Safety Management - Advances in supporting a fundamental need
People have a fundamental need to be and feel safe. Organizations therefore have to and want to do their best to prevent accidents (Provan and Rae, 2020). Accidents are the result of a dynamic convergence of technology, people and organizations. While the organizational budget fixes expectations for a year or longer, organizational goals are emerging from a bargaining process among groups. Some of these goals are set to make sense out of unplanned adaptations and accidental developments (Perrow, 2014). Safety goals may be put in terms of “risks as low as reasonably practicable”. The risks might be calculated, or proxy measures are used. This is part and parcel of organizational life. But safety management has some serious pitfalls we have to reckon with.
Prevention versus success
How do you determine a risk? Bookcases full have been written about this. Instead of rich descriptions of risk, often, a simplified measure is chosen, such as an injury frequency rate. But what does this number say? Not every hour worked is the same as the other. In any given hour, how many chances were there that something bad would happen (Provan and Rae, 2020)? By using simplified risk measures, we sometimes forget that in the end managing risks is all about supporting normal work (Provan et al, 2020) in our primary processes, outside the office. How do we ensure that this is as successful as possible, which also means it’s safe (and timely etc.) production?

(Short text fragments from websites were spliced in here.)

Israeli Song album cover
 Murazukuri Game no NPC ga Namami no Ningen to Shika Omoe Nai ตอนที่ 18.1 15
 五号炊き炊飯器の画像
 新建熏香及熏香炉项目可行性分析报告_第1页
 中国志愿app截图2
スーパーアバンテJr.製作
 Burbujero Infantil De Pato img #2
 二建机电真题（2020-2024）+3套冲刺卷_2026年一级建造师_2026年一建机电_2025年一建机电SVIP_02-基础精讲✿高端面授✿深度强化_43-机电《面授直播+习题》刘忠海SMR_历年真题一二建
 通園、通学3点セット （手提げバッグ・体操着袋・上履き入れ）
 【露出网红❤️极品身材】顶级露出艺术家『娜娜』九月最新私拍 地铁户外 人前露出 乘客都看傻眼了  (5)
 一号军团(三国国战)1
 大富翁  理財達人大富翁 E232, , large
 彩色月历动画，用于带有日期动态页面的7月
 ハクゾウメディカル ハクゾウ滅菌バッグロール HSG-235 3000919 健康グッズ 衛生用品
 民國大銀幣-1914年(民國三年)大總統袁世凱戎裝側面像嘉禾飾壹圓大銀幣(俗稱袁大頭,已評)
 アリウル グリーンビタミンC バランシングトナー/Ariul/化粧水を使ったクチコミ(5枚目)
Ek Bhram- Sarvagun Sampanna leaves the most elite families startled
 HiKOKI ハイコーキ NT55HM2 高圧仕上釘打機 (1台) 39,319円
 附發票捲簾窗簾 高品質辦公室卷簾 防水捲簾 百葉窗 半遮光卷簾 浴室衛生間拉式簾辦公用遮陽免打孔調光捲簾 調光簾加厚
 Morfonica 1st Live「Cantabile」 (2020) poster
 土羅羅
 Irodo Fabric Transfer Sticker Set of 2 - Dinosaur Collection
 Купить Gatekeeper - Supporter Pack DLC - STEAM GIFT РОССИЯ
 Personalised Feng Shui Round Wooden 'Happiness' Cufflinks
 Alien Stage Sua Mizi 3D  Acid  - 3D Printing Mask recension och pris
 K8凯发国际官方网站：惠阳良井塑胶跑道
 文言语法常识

Damned Lies…And Statistics
A manager can become nervous if several accidents occur at a certain location in a short period of time. The call to do something about it quickly follows. After that, things can remain quiet for a while, until several accidents occur again in a short time. And the urge to do something comes up again. But accidents happen more or less randomly (they follow a Poisson distribution; Nicholson and Wong, 1993), so that a cluster of multiple accidents is sometimes nothing more than statistical noise. But that does not have to be a reason not to improve anything!
The Shock Wave of a New Worldview
By now almost everyone has heard of Safety-I and Safety-II. Every revolution in our worldview generates emotional and existential shock waves. This also applies to Safety-I and Safety-II. There are people who say they have something better in store, eg Safety-III. There are also people who say that Safety-II is old wine in new bottles, “we wrote that more than thirty years ago”. People prefer to stick to their own doctrine and continue to desperately win souls for it.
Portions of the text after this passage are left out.